Follow along for more of my adventures: Twitter & Instagram



I like Lyn’s post on Chile

Blood Miracle of San Gennaro

The first Tuesday in March and that means it is our next themed Travel Tuesday post.  The theme for March is: ‘Local legends’ | The urban myths and stories you have come upon while traveling, in your expat, life, or ones from your hometown.  I have heard about some while living and traveling abroad but there is one that came to mind quite quickly.  

The Blood Miracle of San Gennaro.


Naples, Italy was my ‘home’ twice growing up for a total of six years.  In the background the sleeping volcano, Mt. Vesuvio was supposed to erupt when we lived there the first time.  Nothing happened.  So when we moved back, the thought of it waking up was in the back of my mind off and on.  It still has not woken up from its sleep.  However there is much going on in Naples, Italy to keep people entertained.

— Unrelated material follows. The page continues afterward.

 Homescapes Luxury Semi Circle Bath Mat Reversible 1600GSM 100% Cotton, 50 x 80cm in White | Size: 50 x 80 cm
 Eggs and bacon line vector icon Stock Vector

The country is very much steeped in religion and tradition.  Which makes it even more clearer why the Miracle of San Gennaro is a beloved legend believed by many.  It is the belief that the blood of San Gennaro (Saint Januarius) miraculously liquefies from solid form.  This miracle of the church has allegedly occurred up to eighteen times each year for the past 600 years.  People show up in crowds just to witness this miracle taking place.  You can read more about it:


If you would like to see more photographs and hear more about the Fontanelle cemetery in Napoli, Italia you can click the image above.  Better yet visit the beautiful city and see it for yourself.  If you do I’d love to read your post about your visit, send me a link.


I really enjoyed this explosive post from the Travelling Lindfields blog last week.  This is the Waiotapu thermal wonderland. Click above to read more about this active geothermal area of the Okataina Volcanic centre in New Zealand.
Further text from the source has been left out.